The polling station in the new Attila József High School has just opened. Orange Files steps in, finds the room for the voting district designated on the registration notice: the second voter in the district, he watches the first voter and spouse ceremonially check all three ballot boxes before election officials to ensure that they haven’t been pre-stuffed.
The officials close the boxes and tie them shut with red, white and green ribbon. Hungary’s 2014 National Assembly elections have officially begun.
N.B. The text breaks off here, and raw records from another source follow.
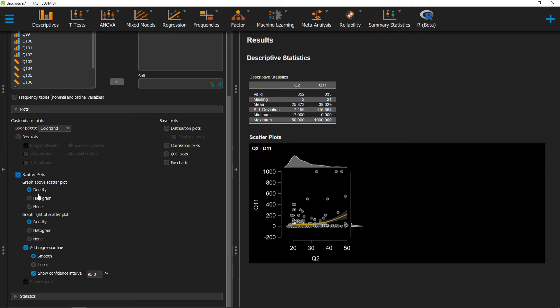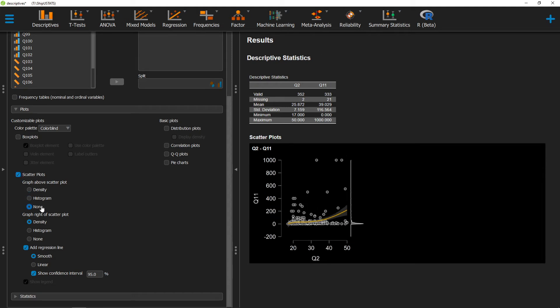and we can change those over here to a histogram, or have them gone completely. We can do the same with the other axis as well.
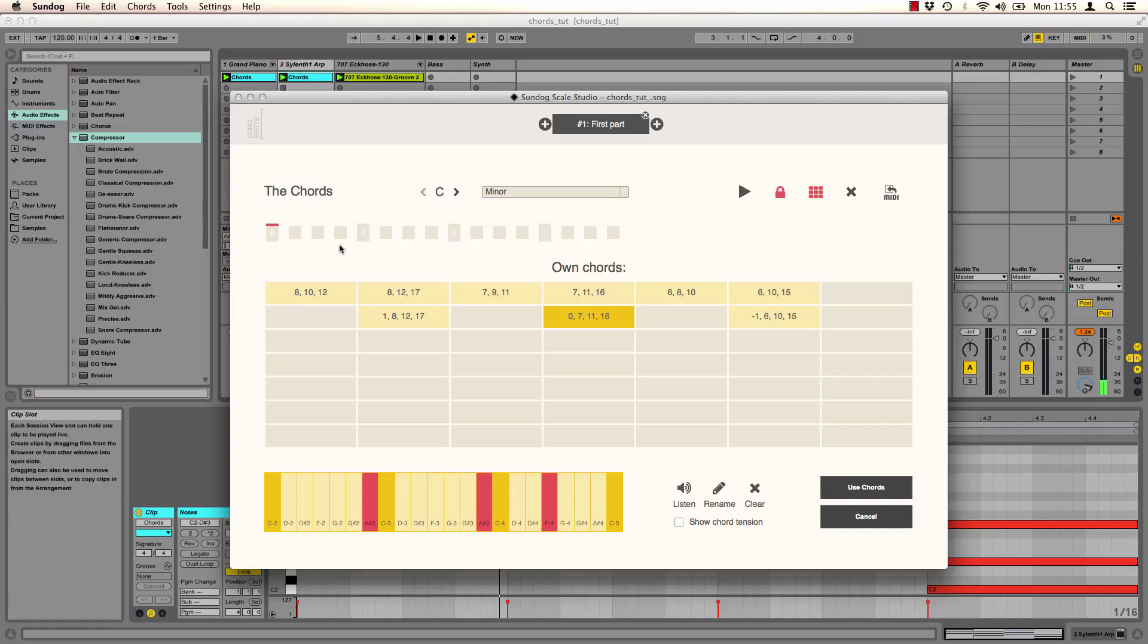It's also possible to use them in the timeline of course. I go back to the normal page now.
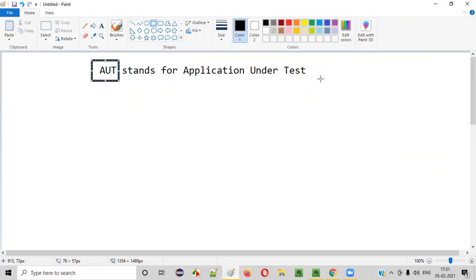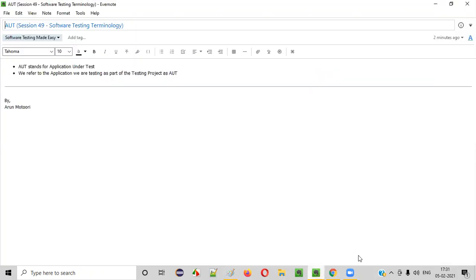Here and there you can use this term. So I hope you understood what is this AUT software testing term.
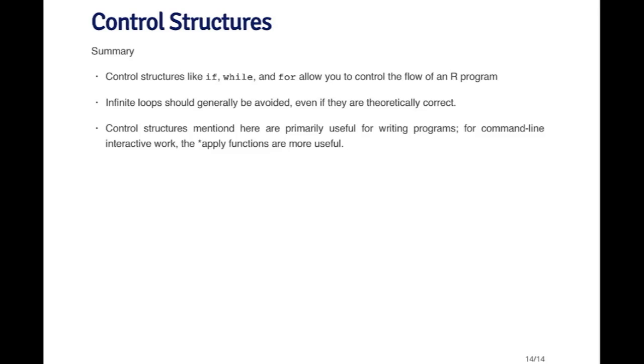And the other key thing I haven't mentioned yet is that the control structures that I mentioned here are primarily useful for writing programs. But for command line and interactive work, there are other types of looping type functions that we can use. They generally have the word apply in them. And they can be a lot more useful for command line interactive work when you're exploring data and things like that. Not writing programs. Although they can be very useful in writing programs too. So I'll talk about the apply functions in a separate set of videos.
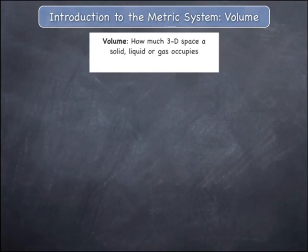Volume measures the amount of three-dimensional space that a solid, liquid, or gas occupies. In a healthcare context, however, volume will generally refer to a liquid.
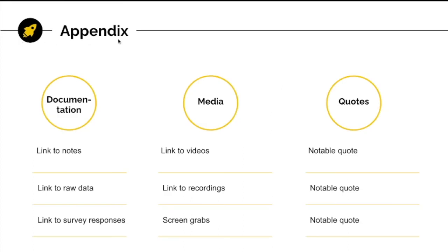The appendix is where you can include related links to notes, documents, data, media, resources, or notable quotes. Besides keeping consistent with professional standards, an appendix will make it easier for your team to access the resources they want to dig deeper into after reading your report.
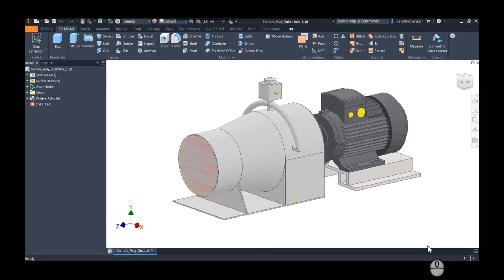Hey everybody, this is Pete and in this video I'd like to demonstrate a workaround for a somewhat quirky issue that I discovered in Inventor recently, where editing a shrink wrap substitute or a shrink wrap component ends up losing appearances applied to custom surfaces.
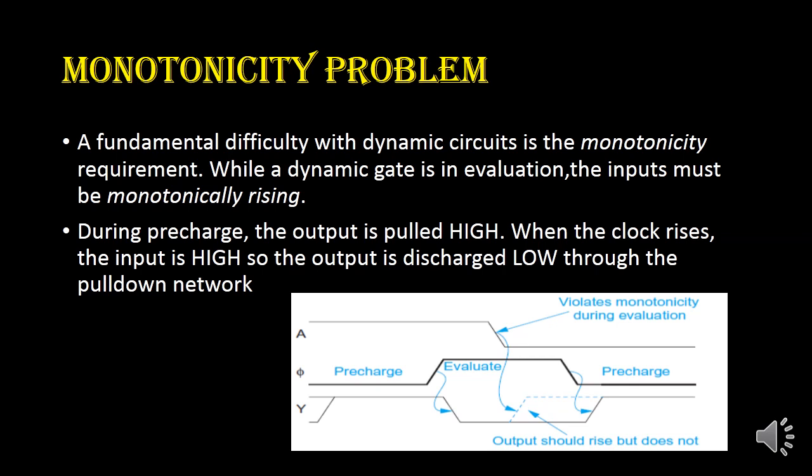The monotonicity problem is another important problem in dynamic circuits. Here, A is the input, Phi is the clock signal, and Y is the output. During pre-charge mode, Phi equals 0 and output Y is high. During evaluation mode, when Phi equals 1, the output Y should be 0. However, if A goes from high to low during evaluation mode, the output Y should immediately rise high, but it does not — this is called the monotonicity problem.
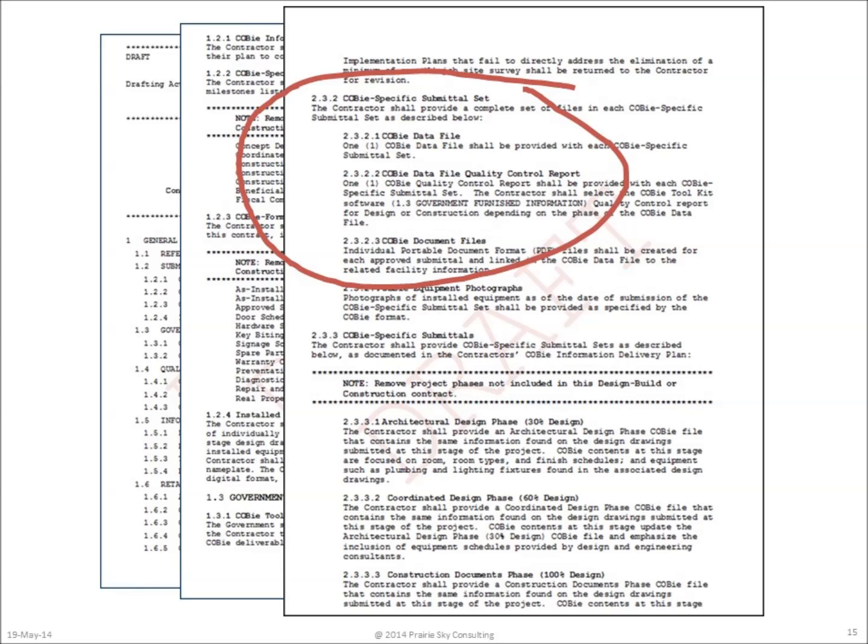During the design stage, the documents required are simply the list of all the drawings and the design reports.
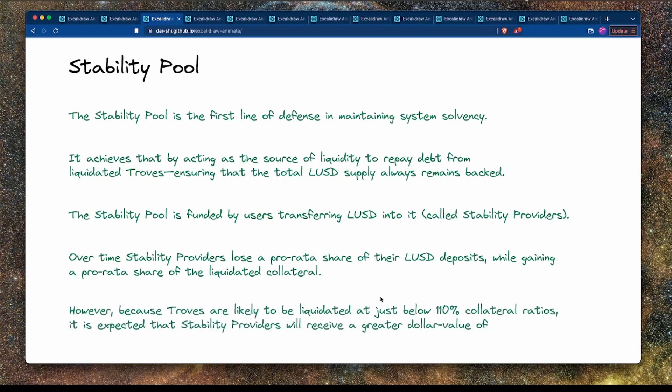Because troves are likely to be liquidated at just below 110% collateral ratio, stability providers can expect to receive a greater dollar value of collateral than the debt they offset. In other words, if you deposit LUSD into the stability pool and a trove is liquidated, the collateral you receive as a reward will likely be greater than the dollar value that was burnt. So there is an incentive to do this.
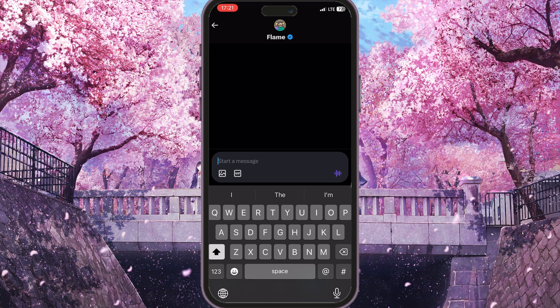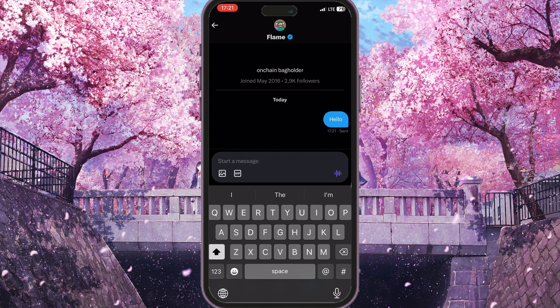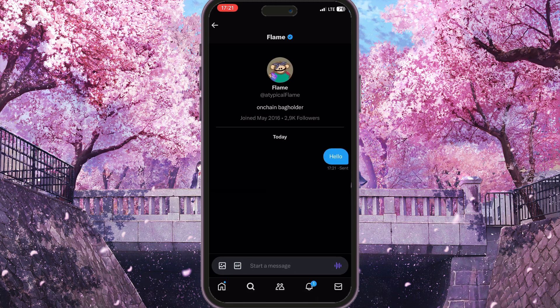Now we need to start typing any message that we want. Then we simply click the Send button — the blue button next to the message field. As you can see, I have sent a direct message to this person, and that is basically how you can send a direct message on X.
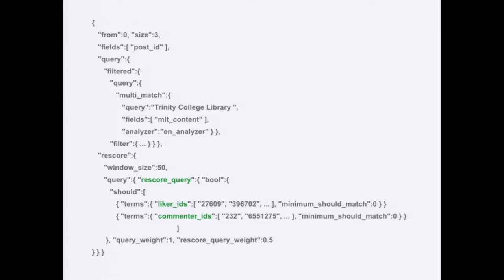The re-ranking uses a feature called Rescore. The idea is we take liker IDs and commenter IDs — people who have interacted with this post and other posts — and we look for overlap between those to get more information about what might be relevant to a user. Deploying this change on WordPress.com a few years ago actually increased our click-through rate by about half a percent, which in the realm of 1-3% click-through rates is really very significant.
Orange Files had always heard—and doubted—that many voters do not actually know whom they will vote for before they step into the voting booth. On this morning, he is living proof of this claim: all of the modern democratic parties have splintered into small factions struggling for survival or joined larger party-conglomerations that still harbor unseemly elements from Hungary’s authoritarian past (but at least not from its authoritarian present).
Pull the curtains behind, lay two large ballots on the stand—a small one listing seven individual candidates from the voting district and a very large one listing the eighteen parties that have qualified for national party-list voting.
Green? Red? Split ticket? National Gypsy Party just so you can say you did it? Go with the feeling, place the Xs in the Os and get out.
On the way down the hall the little girl asks her parents: “Who did you vote for?”
Orange Files National Assembly election update from the 25th subdistrict of the 2nd voting district of Budapest as of 6:15 a.m.: Politics Can Be Different (LMP) 1; Change of Government (Kormányváltás) 1; Fidesz 0, Jobbik 0; all others 0.